Wednesday, November 27, 2013
Improvements Ahead as Swift Turns 4
It was four years ago this Saturday, Nov. 30, that Swift bus rapid transit was launched. People still talk about the flash mob that invaded the grand opening party. And the sub-freezing temperatures that first week of service, when staff were out at each station teaching people how to use the off-board ticket vending machines and ORCA readers.
Today, Swift is a mature BRT line talked about across the country. Because it does not have its own dedicated lane, some say it is not “true” BRT. But Swift uses right-turn BAT lanes for 7 miles, transit signal priority its entire length and off-board fare collection at all stations to save a third of the trip time of a regular local bus. And, with 4,400 riders a weekday and nearly 3,000 riders on Saturdays, people obviously love to take Swift!
After its 2009 launch, several improvements have been made to Swift. In 2011, four new stations opened in Everett; a pair at 112th and one each at Pecks and Madison. In 2012, a queue jump signal was added at northbound 148th as the BAT lane ended.
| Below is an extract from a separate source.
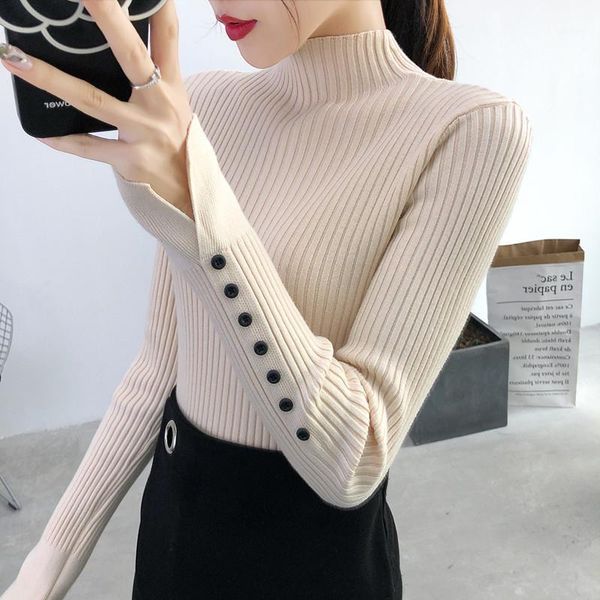 women's sweaters button knitted women sweater turtleneck pullovers soid elastic slim office lady elegant buttoming pulls outwear, White;black
women's sweaters button knitted women sweater turtleneck pullovers soid elastic slim office lady elegant buttoming pulls outwear, White;black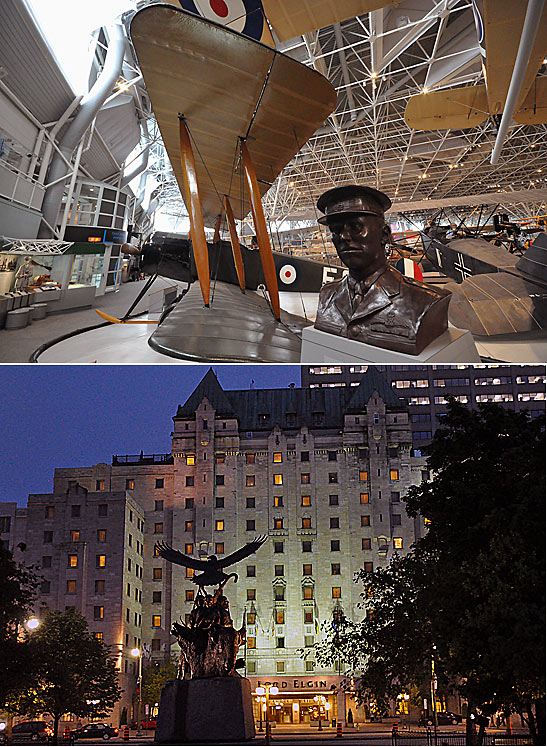 scenes from Ottawa - top: the aviation museum showing World War 1 planes and a bust of Maj. William George Baxter; bottom: the Lord Elgin Hotel at night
This early light gives the Swift bus a three-second jump on other traffic so the bus can merge into the general purpose lanes.
There are two new improvements coming in 2014.
A WSDOT project in early 2014 to shave the “pork chop” islands at Airport Road will allow Swift buses to use right-hand turn lanes, rather than general purpose lanes, as they cross the busy intersection and glide into the next station. This will save time and make for a smoother ride into the station.
Later in the year, Community Transit will build a southbound station at 204th near Edmonds Community College. That station was in the original route design, but was delayed because 204th was a dead-end street. The city of Lynnwood plans to extend that road between Highway 99 and the college, so it is finally time to build that station.
The big news that will emerge in 2014 will be details for what is being tentatively called Swift II. A feasibility study is underway for a second Swift line that would travel from Boeing-Everett in the north end, down Airport Road along 128th crossing Highway 99 and I-5, then south at Highway 527 (Bothell-Everett Highway). The route would serve Mill Creek Town Center and terminate at either 164th or Canyon Park.
Before people get all righteous about why this next Swift route is where it is, visit our 20-year Long Range Transit Plan to see that we do envision a network of Swift routes. Unless we fall into a great deal of new funding, we’ll take them one at a time, seeking federal and state funding for each one. The good news that we are moving forward with plans for more Swift!